- [Source material]:
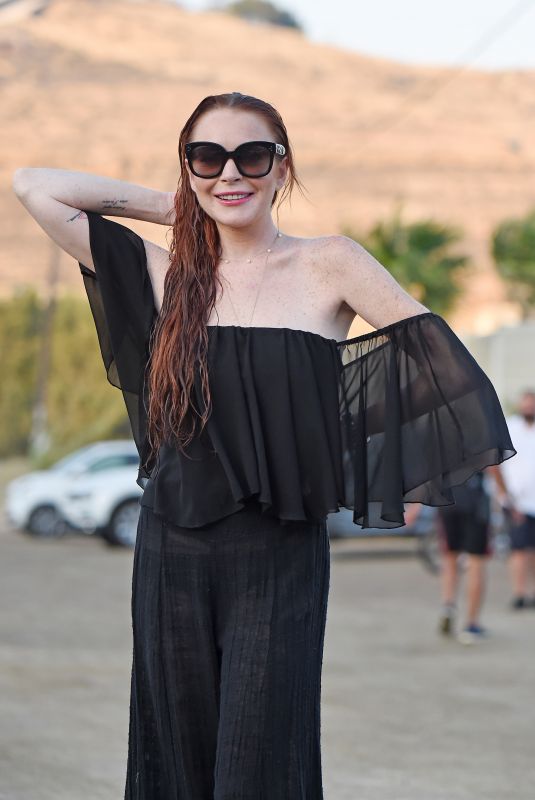 LINDSAY LOHAN Out in Mykonos 06/11/2018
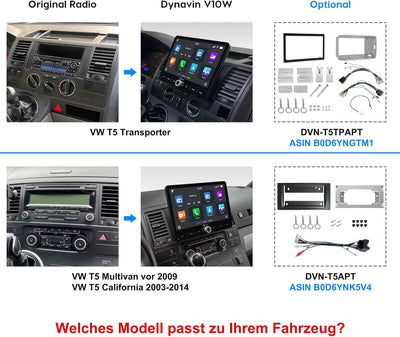 DYNAVIN Android Autoradio Navi für VW T5 T6 Caddy Tiguan Sharan Skoda, 10,1 Zoll Radio mit Wireless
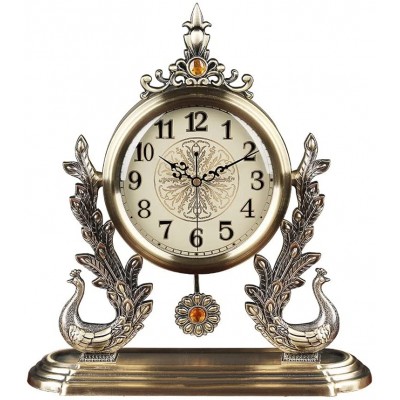 YUHUAWF Table Clock Clock European Style Silent Clock Desk Clock Desktop Metal Desk Clock Desktop Ornaments Home Bedroom Bedside Table Clock 14.96 Inches Decor Clocks - B19Q6EGB9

- [About this exercise]: Set down the line containing "DYNAVIN Android Autoradio" and every line after it up to the end of the material, exactly as written, but not the pictures.

- [Your solution]:
 DYNAVIN Android Autoradio Navi für VW T5 T6 Caddy Tiguan Sharan Skoda, 10,1 Zoll Radio mit Wireless
 YUHUAWF Table Clock Clock European Style Silent Clock Desk Clock Desktop Metal Desk Clock Desktop Ornaments Home Bedroom Bedside Table Clock 14.96 Inches Decor Clocks - B19Q6EGB9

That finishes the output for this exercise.